● **Exercise directions**
Could you copy the data that follows exactly as written, but drop the pictures?

═════ Data block ═════

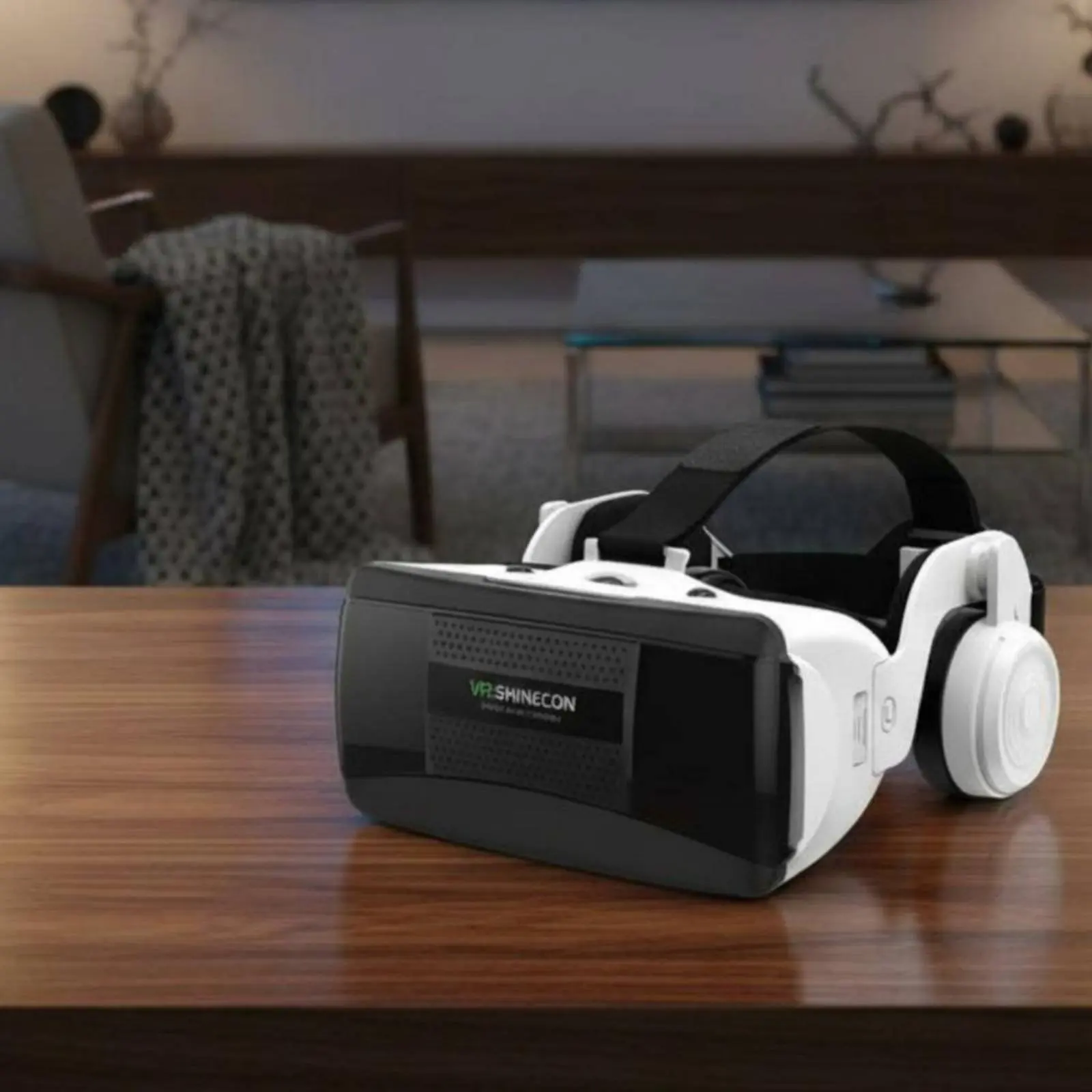Mobile Device VR Viewer Built-in Headphones Phone VR Headset Immersive Reality Glasses Lightweight Design Immersive Reality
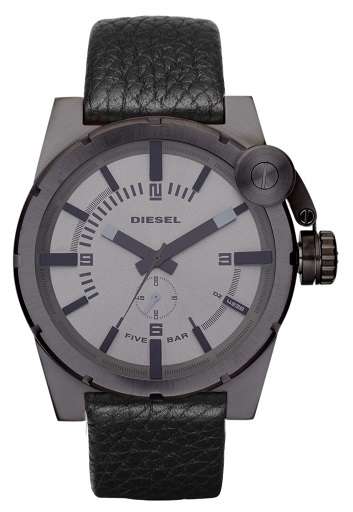 DIESEL BAD COMPANY STAINLESS STEEL WATCH **VALUE: R4299.00**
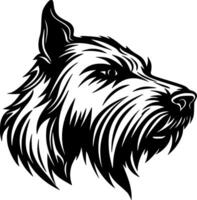 Scottish Terrier, Minimalist and Simple Silhouette - illustration vector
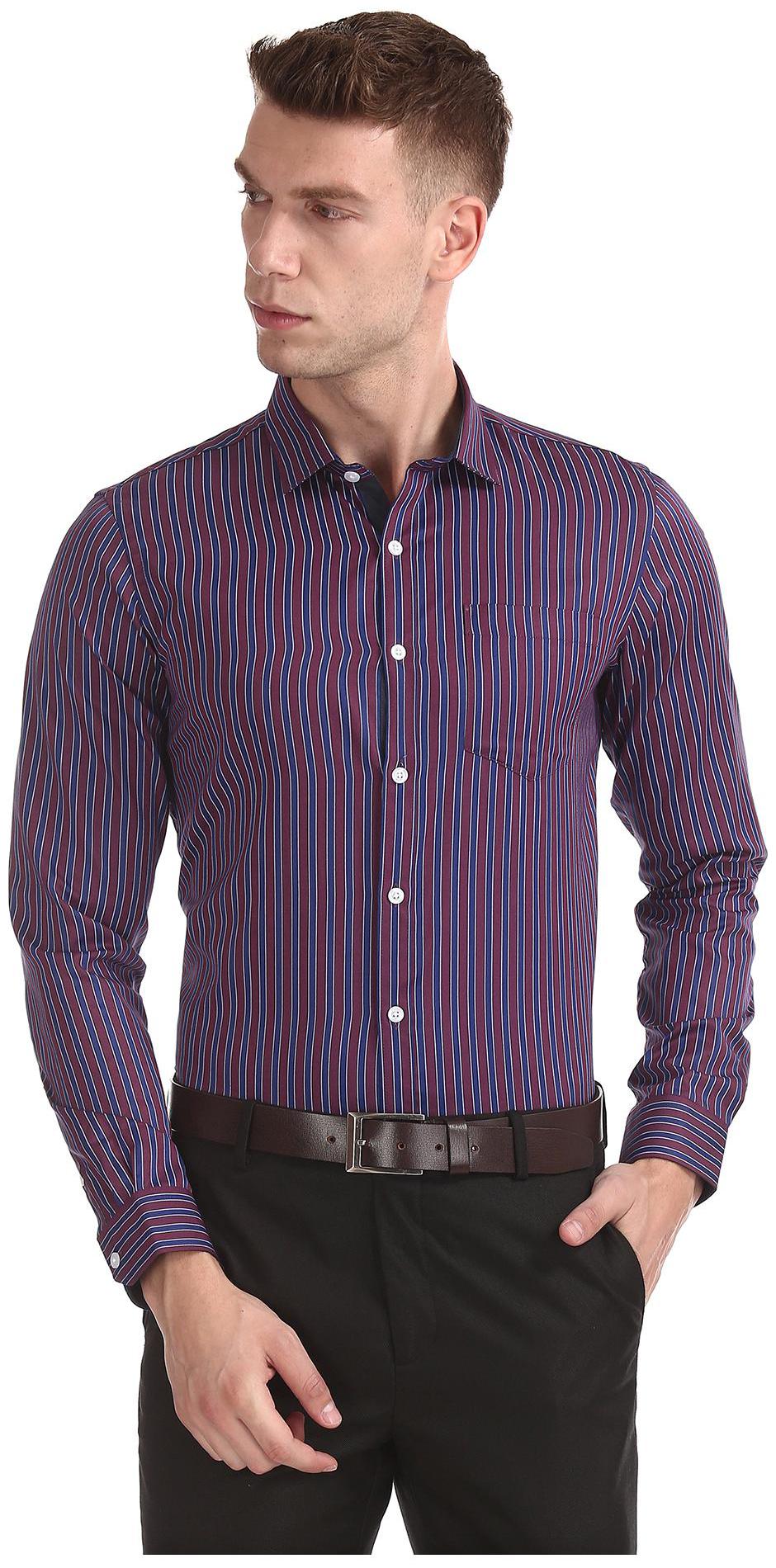 

Excalibur Men Regular fit Formal Shirt - Blue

═════

● **Answer area**
Mobile Device VR Viewer Built-in Headphones Phone VR Headset Immersive Reality Glasses Lightweight Design Immersive Reality
 DIESEL BAD COMPANY STAINLESS STEEL WATCH **VALUE: R4299.00**
 Scottish Terrier, Minimalist and Simple Silhouette - illustration vector

Excalibur Men Regular fit Formal Shirt - Blue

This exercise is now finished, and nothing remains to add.